Of course an earlier Atlantic sea-farer was Madoc ab Owain Gwynedd, whose story and subsequent myth are told in a marvellous book by Gwyn Alf Williams.  Although Gwyn mentions the reference to Madoc in the poetry of the 15C bard Maredudd ap Rhys, even he - and most everyone else - miss another reference to the seafarer in the work of another 15C bard Deio ab Ieuan Du:

Fal Madog, marchog medd
Baun gwyn, ab Owain Gwynedd.
Y gwr, siwrneio a gai
Ar foroedd, yr arferai.

Clearly Madoc's exploits were common knowledge to the bards of the 15C and, no doubt, to the patrons they rubbed shoulders with.  Who knows if men like Croft and the Welsh captain John Lloyd ("the most expert shipmaster in all England") were inspired by such tales.  Certainly Wales - and Radnorshire for that matter - has never been a backwater.


Tarian said...

OT but do you know how long the Welsh language held on in the Clun area? One of my ancestors moved from Clun to Merthyr in the mid 19c and married another 'incomer' from west Wales. They both spoke Welsh (and this persists in the family until today) but we are unable to determine if he was 'assimilated' by Welsh Merthyr or if he had some knowledge of Welsh from his early life on the border as a farm labourer. I know Welsh persisted in Ergyng (Archenfield) at this time but I know little of the situation around Clun.

radnorian said...

I would think that the Welsh language had disappeared from the Clun district by the early 18C. Certainly the Welsh parishes to the west of the district like Kerry and Beguildy were amongst the first to experience language shift, with exclusively English language Anglican services by the 1730s.

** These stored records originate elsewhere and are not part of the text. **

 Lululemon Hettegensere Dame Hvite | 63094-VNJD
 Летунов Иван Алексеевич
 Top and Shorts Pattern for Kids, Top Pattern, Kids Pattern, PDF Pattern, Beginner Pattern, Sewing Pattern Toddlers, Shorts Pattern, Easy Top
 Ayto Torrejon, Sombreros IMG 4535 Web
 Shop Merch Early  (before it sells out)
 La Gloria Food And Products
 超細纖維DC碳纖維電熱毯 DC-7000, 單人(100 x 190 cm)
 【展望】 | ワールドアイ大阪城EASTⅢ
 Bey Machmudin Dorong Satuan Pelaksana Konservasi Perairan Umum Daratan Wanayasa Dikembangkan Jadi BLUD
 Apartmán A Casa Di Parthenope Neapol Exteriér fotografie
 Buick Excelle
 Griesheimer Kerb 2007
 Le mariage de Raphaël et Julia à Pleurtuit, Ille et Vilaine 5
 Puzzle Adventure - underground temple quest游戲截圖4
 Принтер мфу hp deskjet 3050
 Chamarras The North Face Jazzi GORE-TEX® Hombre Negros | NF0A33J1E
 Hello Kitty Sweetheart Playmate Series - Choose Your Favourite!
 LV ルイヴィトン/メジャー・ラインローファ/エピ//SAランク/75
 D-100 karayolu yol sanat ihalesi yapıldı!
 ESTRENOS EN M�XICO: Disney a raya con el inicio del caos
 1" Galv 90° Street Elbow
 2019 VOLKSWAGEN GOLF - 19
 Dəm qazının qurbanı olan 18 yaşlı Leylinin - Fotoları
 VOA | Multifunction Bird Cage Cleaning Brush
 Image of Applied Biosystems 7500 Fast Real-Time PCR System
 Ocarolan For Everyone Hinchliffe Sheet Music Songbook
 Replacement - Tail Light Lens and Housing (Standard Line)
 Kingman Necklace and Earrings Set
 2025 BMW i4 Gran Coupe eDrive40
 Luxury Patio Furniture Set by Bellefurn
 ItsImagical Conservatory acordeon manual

Still I'm only guessing and wish I knew more about this interesting area

Anonymous said...

But, of course, as this blog has emphasised in the past, exclusively English language Anglican services only really means that the local vicar reckons that the locals are sufficiently bilingual that he can get away with only using the thin language.
Sometimes this was a mistake (witness the famous Glascwm letter), often it was met with a shrug of the shoulders and maybe a few defections to non-conformism. We should be confident that Welsh continued as a kitchen language long after it disappeared from the local established church.

radnorian said...

An excellent point - thank you for paying attention!